Wenn daher auch das landgerichtliche Urtheil vom 2. Juli d. Js. auf einer Verletzung des Art. 75 des P.-St.-G.-B. mit §. 12 der oberpolizeilichen Vorschriften vom 15. April 1874 und des §. 59 des St.-G.-B. beruht, so kann doch bei der Unvollständigkeit der diesem Urtheil zu Grunde liegenden Feststellungen in der Sache selbst hierorts nicht entschieden werden, da es noch einer weiteren thatsächlichen Erörterung der Frage bedarf, ob das letzterwähnte Vertheidigungsvorbringen der Angeklagten in Wahrheit sich verhält, und ob, wenn dieß der Fall ist, ihre Unkenntniß darum eine fahrlässige[317] war, weil sie ihrer gesetzlichen Verpflichtung entgegen es unterließen, Sorge zu tragen, daß die Einhüllung ihrer Kaffeesurrogate keinen höheren als den in §. 12 der oberpolizeilichen Vorschriften vom 15. April 1874 gestatteten Prozentsatz Blei enthielt (Urtheil des Reichsgerichts vom 12. Oktober 1880 – Rechtspr.
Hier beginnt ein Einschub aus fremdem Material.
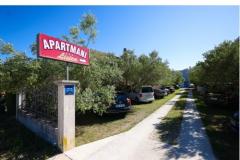 Apartmány Lisica Apartmán 1 foto 1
Bd. II S. 327), oder ob sie sich über den Bleiprozentsatz der verwendeten Folien zu vergewissern suchten und besondere Thatumstände ihre Unkenntniß als eine nicht durch Fahrlässigkeit verschuldete darstellen. Es mußte deshalb in Anwendung der §§. 393 und 394 Abs. 2 der Str.-Proz.-O. unter Aufhebung des Urtheils nebst den durch die Gesetzesverletzung betroffenen Feststellungen die Sache zur anderweiten Verhandlung und Entscheidung an das Landgericht Fürth zurückverwiesen werden.